Set-back for eSafety Commissioner ahead of Billboard Chris trial

Free speech advocates had a victory last week, with the eSafety Commissioner suffering a set-back after the Administrative Review Tribunal (ART) ruled that an “informal notice” could be reviewed in the same way a formal notice could.

The “informal notice” was sent to social media platform X (formerly Twitter) asking the social media giant to remove a social media post by Celine Baumgarten in May 2024.

The eSafety Commissioner argued that the directive was an informal “complaint alert”, as opposed to a formal removal notice, so did not give Ms Baumgarten the same legal rights of review.

The ART disagreed, deciding that such notices can be appealed.

The Tribunal’s decision comes two months before it hears HRLA client “Billboard Chris” Elston’s case against the eSafety Commissioner in March.

In Billboard Chris’s case, a formal notice was issued requiring X to remove Chris’s post criticising transgender ideology.

While the legal issues are different, both cases involve the eSafety Commissioner using her government authority to censor speech that goes against a particular cultural narrative.

Ms Baumgarten had posted a tweet criticising a “Queer Club” in a Melbourne primary school, questioning whether it was appropriate for primary-aged children.

Because the post did not meet the required threshold for issuing a formal notice, the Commissioner sent an informal “complaint alert” instead.

X initially interpreted the message as a lawful demand under the Online Safety Act, and subsequently geoblocked it in Australia.

The Tribunal ruled that the eSafety’s message amounted “as a matter of fact to a removal notice requiring X to remove the Post even though it was not a legally effective removal notice” under the Act.

This ruling has significant implications for the eSafety Commissioner’s practices.

It challenges the use of “informal” takedown requests, emphasising that such actions are subject to legal scrutiny and review.

The decision underscores the importance of transparency and accountability in the Commissioner’s operations, particularly concerning actions that impact individuals’ freedom of expression online.

In his decision, Justice Kyrou noted the lack of accountability and the community’s right to free speech, noting the “potentially serious consequences for end users of online services resulting from the Commissioner’s use of complaint alerts and her advocacy role”.

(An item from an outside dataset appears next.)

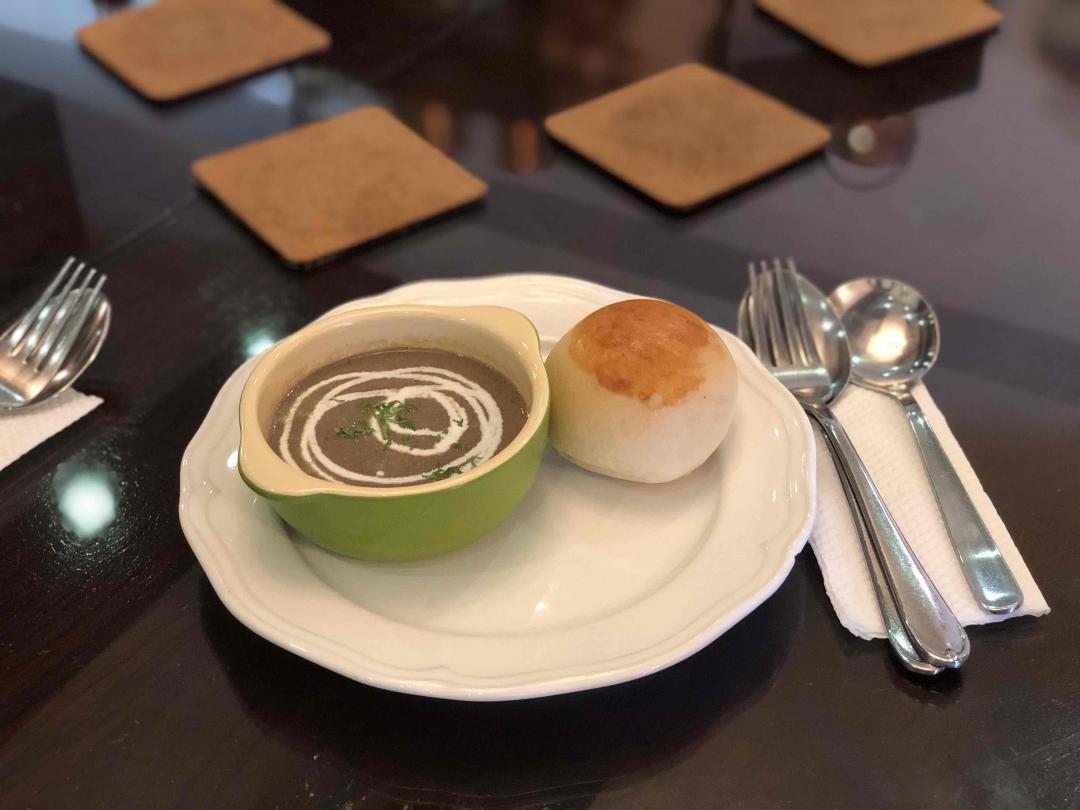 这得是什么样的家庭条件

The case has garnered attention from various groups advocating for free speech.

“This is a landmark decision and means that the eSafety Commissioner’s program of secret censorship should be no more,” said Reuben Kirkham of the Free Speech Union of Australia, which represented Ms Baumgarten.

The decision is encouraging ahead of the Billboard Chris case coming up in March.

The ruling is a reminder of the importance of checks and balances on government power, and that the freedom of Australians to live in accordance with their faith and speak the truth freely cannot be taken for granted.

Billboard Chris’s trial begins 31 March.